**Information supplied**
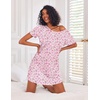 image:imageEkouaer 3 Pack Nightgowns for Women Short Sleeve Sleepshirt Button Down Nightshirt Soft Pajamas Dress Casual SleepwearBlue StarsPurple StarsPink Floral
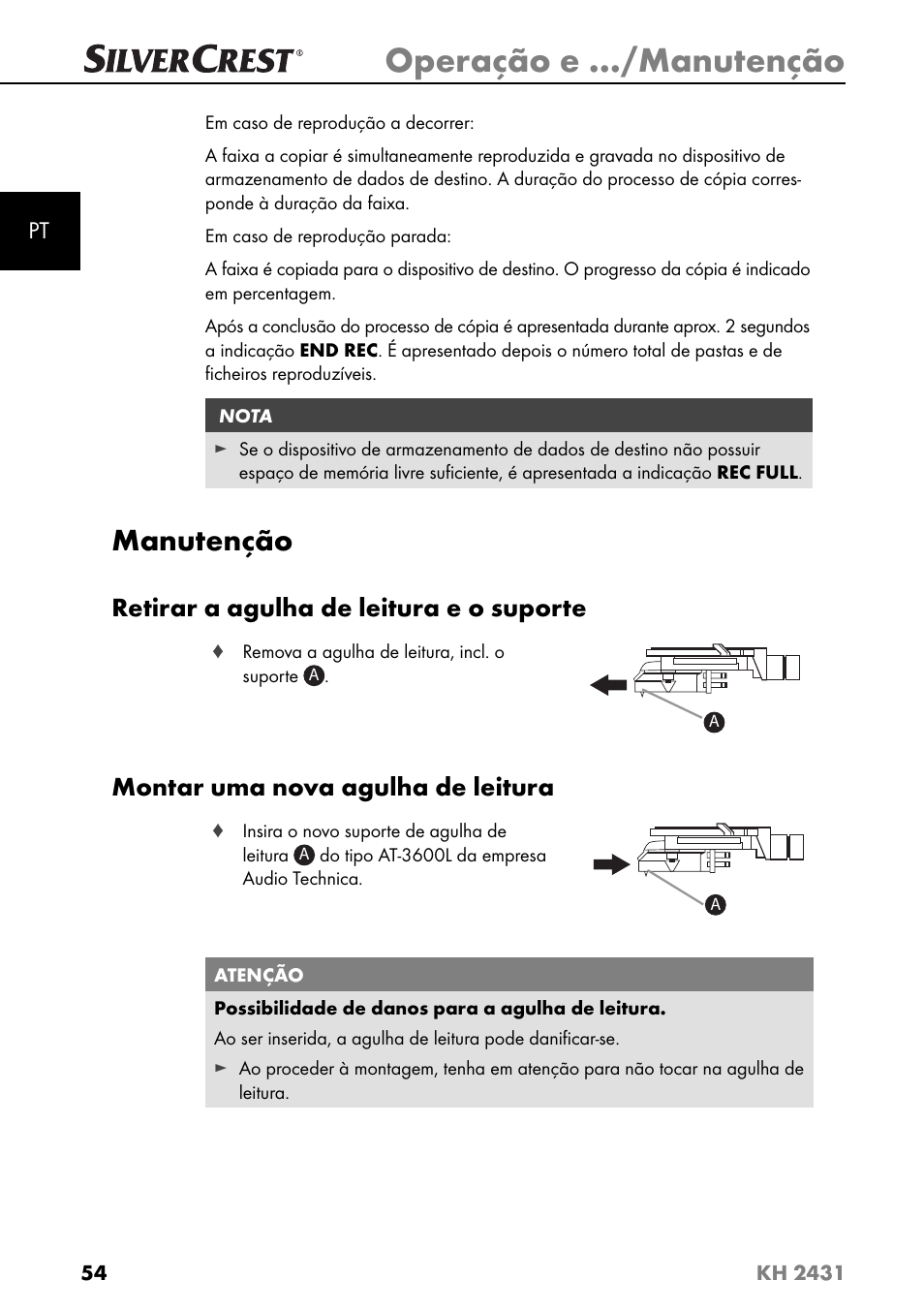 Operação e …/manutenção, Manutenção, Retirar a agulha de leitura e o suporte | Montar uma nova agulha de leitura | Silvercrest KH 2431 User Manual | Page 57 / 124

* * *

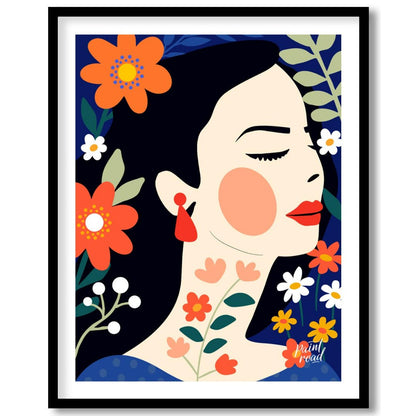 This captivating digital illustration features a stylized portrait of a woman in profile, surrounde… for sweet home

...

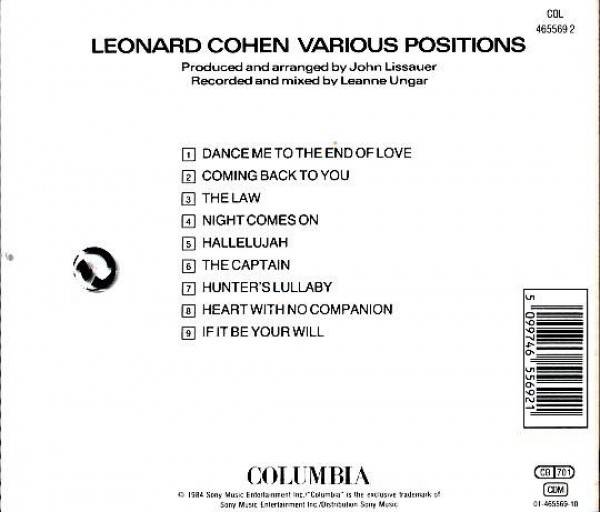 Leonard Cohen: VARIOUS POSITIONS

**Work request**
In the listing above, find the line with "image:imageEkouaer 3 Pack" and the line with "Operação e …/manutenção, Manutenção, Retirar". Output both, plus every line between them, and no pictures.

**Solution for this exercise**
 image:imageEkouaer 3 Pack Nightgowns for Women Short Sleeve Sleepshirt Button Down Nightshirt Soft Pajamas Dress Casual SleepwearBlue StarsPurple StarsPink Floral
 Operação e …/manutenção, Manutenção, Retirar a agulha de leitura e o suporte | Montar uma nova agulha de leitura | Silvercrest KH 2431 User Manual | Page 57 / 124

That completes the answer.